Les Marocains ont finalement eu raison de se réjouir de l’indépendance du pouvoir judiciaire. Les derniers événements, notamment la mise en accusation d’un dirigeant du PJD, Abdelali Hamieddine, pour «complicité de meurtre», et le comportement de son parti envers la justice, viennent leur donner raison, écrit le quotidien Al Akhbar dans une longue analyse consacrée à ce sujet dans son édition du lundi 17 décembre. Les Marocains avaient, en effet, raison de craindre que la justice ne soit utilisée pour régler des comptes politiques ou que l’on tente de l’influencer pour changer l’issue des affaires en cours.

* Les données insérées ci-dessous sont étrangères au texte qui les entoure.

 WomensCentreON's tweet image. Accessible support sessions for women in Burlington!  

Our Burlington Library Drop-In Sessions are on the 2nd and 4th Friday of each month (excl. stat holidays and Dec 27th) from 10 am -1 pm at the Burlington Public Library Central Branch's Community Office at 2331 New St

Il aura ainsi suffi, ajoute le journal, qu’un dirigeant du parti islamiste au pouvoir soit inculpé par le juge pour que le ministre d’Etat chargé des droits de l’Homme s'attaque ouvertement à la justice et remette en question son indépendance. Bien plus, avant même cette décision de poursuivre Hamieddine sur la base des articles 128, 392, 393, 394 et 395, ce même ministre avait assisté, avec d’autres ministres appartenant au PJD, à une conférence de presse organisée par Hamieddine, alors que l’affaire n’en était encore qu’au stade d’instruction. Ce qui fait dire au journal que le PJD, usant de sa position de parti au pouvoir, avait tenté d’influencer une affaire en cours devant la justice.
Le peu de cas que fait le parti de l’indépendance de la justice s'est précisé au fil des interventions de ses élus au Parlement, poursuit Al Akhbar. D'ailleurs, ce parti s’était opposé, dès le début, à l'émancipation du Parquet de l’emprise et de la tutelle du ministre de la Justice, rappelle Al Akhbar. Plus encore, souligne le journal, des dirigeants du parti islamiste ont, à diverses occasions, fait montre de leur dénigrement de la justice, en refusant d’exécuter une décision judiciaire ou de comparaître devant le juge dans le cadre d’un affaire en cours.

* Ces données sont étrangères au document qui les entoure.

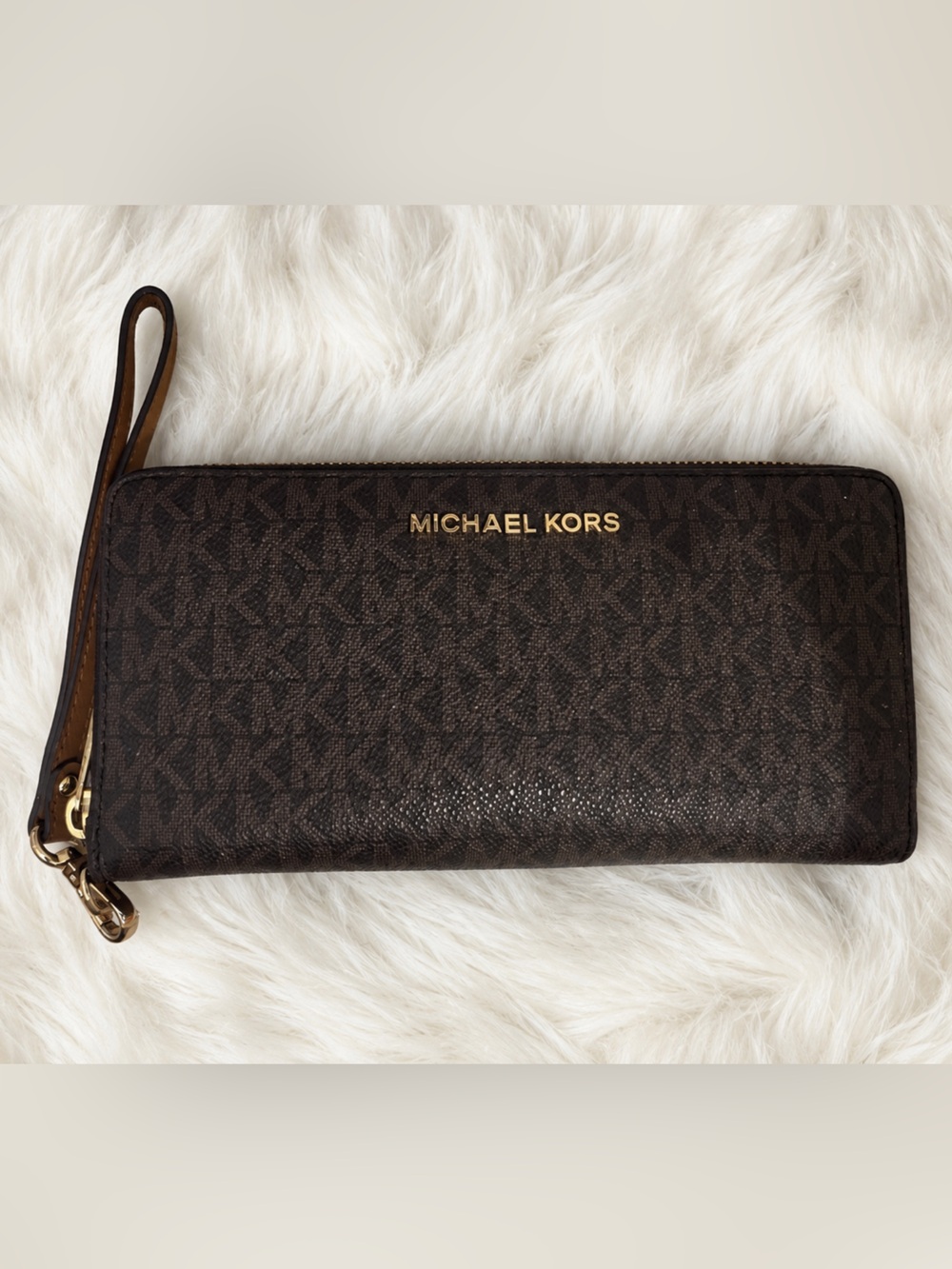 Michael Kors Large Monogram Zip Wristlet with Gold Logo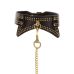 Ошейник с поводком и заклепками БДСМ из искусственной кожи черного цвета Taboom  Ошейник с поводком и заклепками БДСМ из искусственной кожи черного цвета Taboom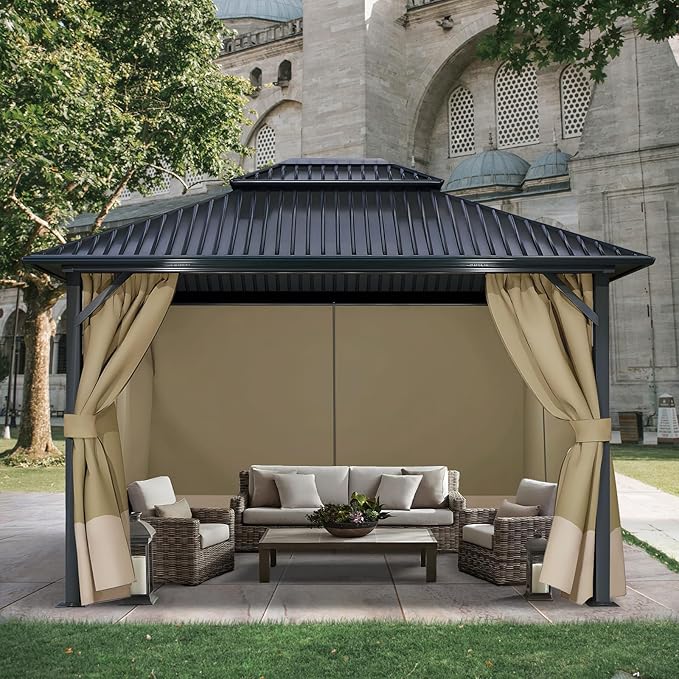 COWVIE 4-Panel 10' x 12' Gazebo Replacement Curtains, Patio Privacy Sidewalls with Double Zipper, Replacement for Outdoor Gazebo Canopy (Curtain Only)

En plus, le groupe parlementaire du PJD use, lui aussi, de sa position à l’Hémicycle pour évoquer des affaires toujours en cours devant la justice. C’est ainsi que, sur quelque 40.000 individus en détention provisoire, Abdelali Hamieddine, conseiller à la deuxième Chambre, a particulièrement insisté sur le cas de Taoufiq Bouachrine, condamné à 12 ans de prison pour traite d'êtres humains et agressions sexuelles, lors d’une réunion de la commission de la justice et de la législation consacrée au débat du budget sectoriel du département de la Justice, et ce en profitant de la présence du ministre Mohammed Aujjar.
Son épouse, Bouthaina Karrouri, députée à la première Chambre, ne manque pas non plus une occasion de soulever le cas de cet «ami» du couple, que ce soit en séance plénière ou lors des débats en commission, précise le journal. C’est le cas également du président du groupe parlementaire du parti islamiste à la Chambre des représentants qui a profité, il y a quelques jours, d’une séance de questions orales pour interpeller le ministre de la Justice sur le cas de Hamieddine, évoquant à la fois des pans du droit pénal marocain et des extraits du pacte international relatif aux droits civils et politiques.

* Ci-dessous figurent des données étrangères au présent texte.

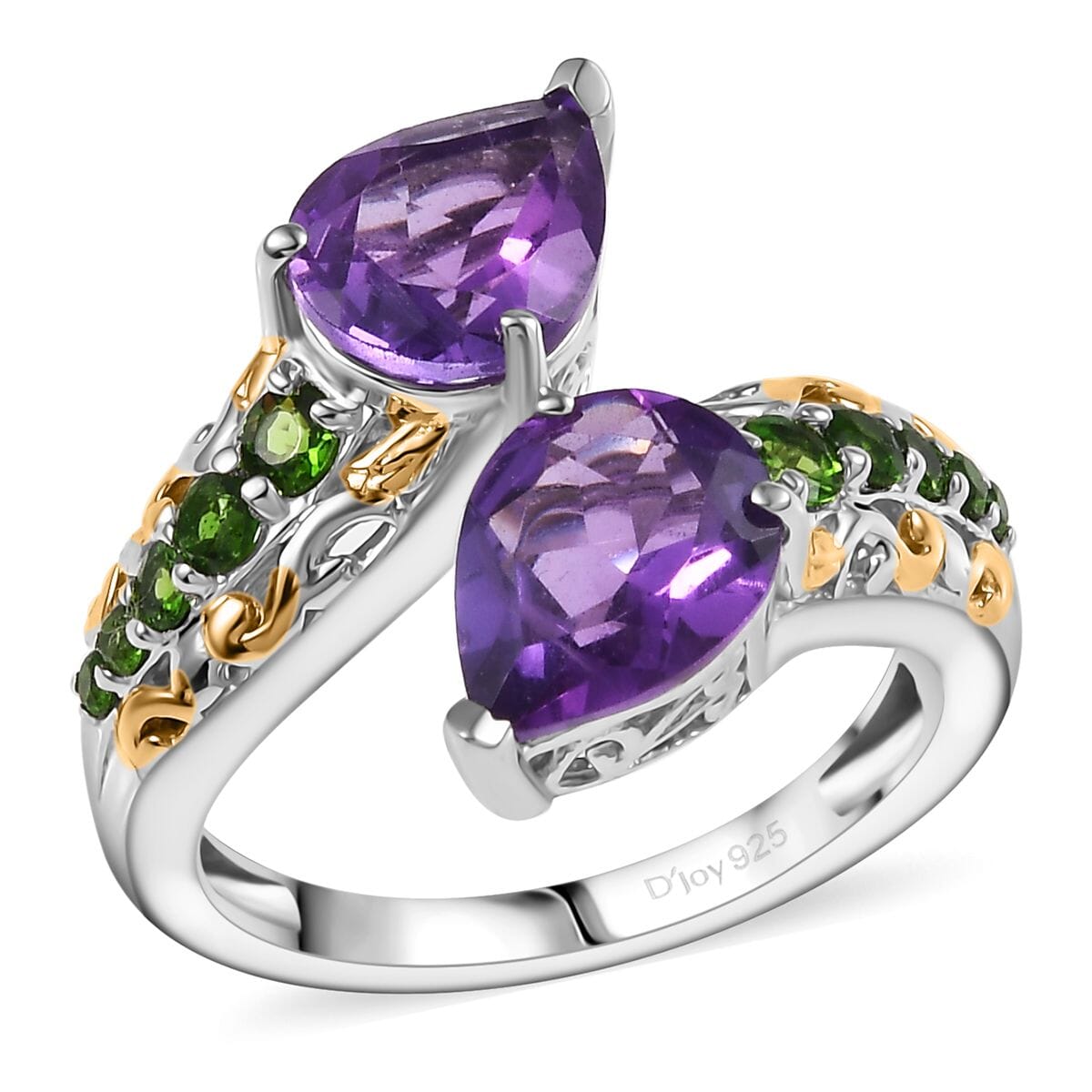 D'Joy African Amethyst and Chrome Diopside 3.25 ctw Bypass Bell Flower Ring in 18K Vermeil Yellow Gold and Platinum Over Sterling Silver (Size 10.0) image number 0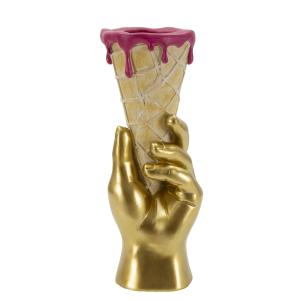 Vase à fleurs multicolore en forme de cornet de glace 12,5x…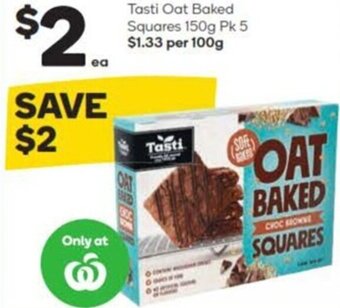 Woolworths Tasti Oat Baked Squares 150g Pk 5 offer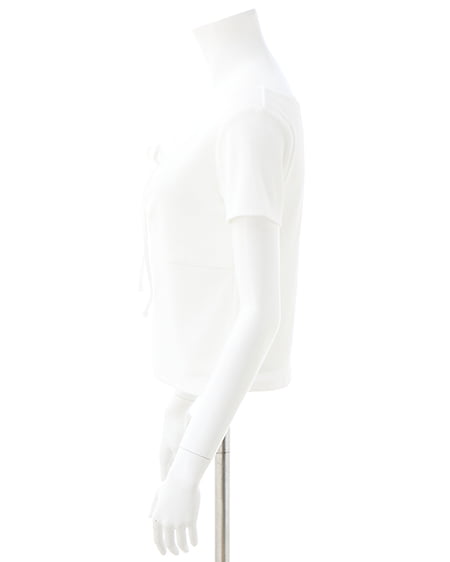 INGNI（イング） レース付フロントギャザーリボンリブトップス ｵﾌﾎﾜｲﾄ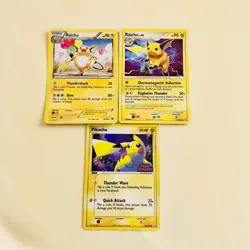 Pokemon/Nintendo Pikachu & Raichu Set of 3 Cards 2006-2012 Electric - Image 2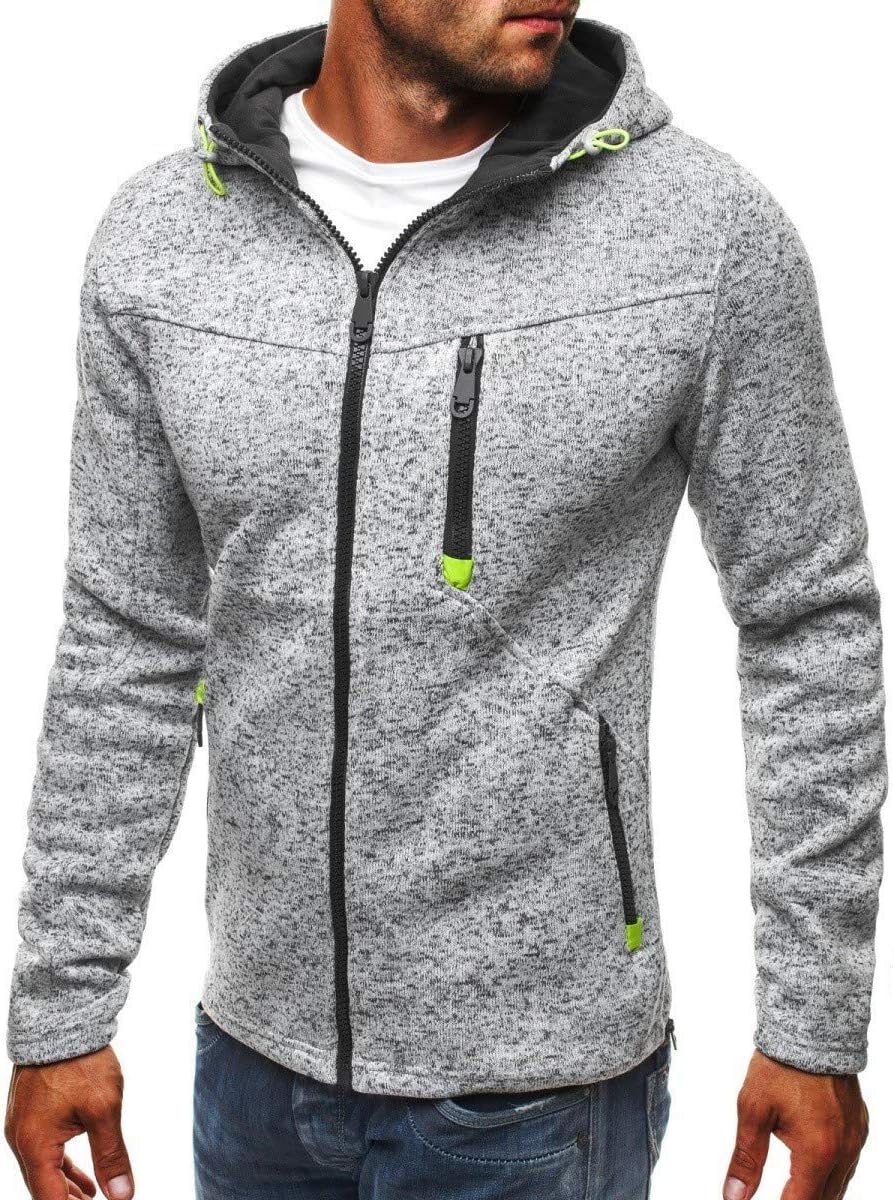 Men's Hoodie with Pocket Zip, Sweater with Hood, Warm Plush Patchwork Cardigan, Long Sleeves, Casual Winter Sweatshirt, Coat, Sports Clothing, Top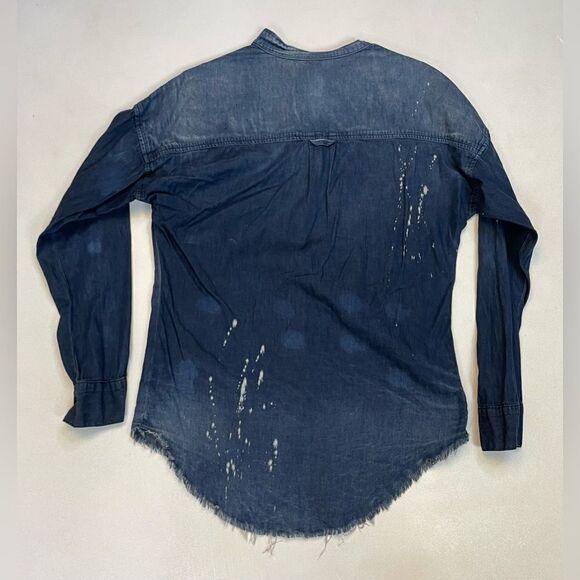 NSF Sky Top In Ash Harlan Denim Jean Shirt Women XS Blue Long Sleeve - Picture 5 of 7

Par ailleurs, les prémices du «retournement» du PJD contre l’indépendance de la justice étaient perceptibles bien avant cet incident, note le journal. C’est ainsi que le parti islamiste et une partie de l’opposition ont fait cause commune de leur désir de faire comparaître le président du Parquet général et le président délégué du Conseil supérieur du pouvoir judiciaire devant la commission de la Justice, pour présenter le bilan et le budget du Conseil en lieu et place du ministre de la Justice. Ils ont même menacé de ne pas voter ce budget si les deux responsables ne se présentaient pas devant la commission pour le défendre. Bien sûr, rien de cela n'a eu lieu: ce débat est clos et la Cour constitutionnelle a dit son mot là-dessus.
En outre, rappelle le journal, les députés du PJD s’étaient catégoriquement opposés à l’indépendance du Parquet général du ministère de la Justice lors de l’examen du projet de loi organique relatif au Conseil supérieur du pouvoir judiciaire. Ils avaient même présenté un amendement de l’article 51 de ce projet pour donner des pouvoirs étendus au ministre de la Justice et contrôler l’action du ministère public. Ce que l’opposition avait alors considéré comme une tentative de porter atteinte à l’indépendance de la Justice. Naturellement, l’amendement n’est pas passé et la majorité a voté un amendement contraire présenté, au nom du gouvernement, par Mustapha Ramid, alors ministre de la justice.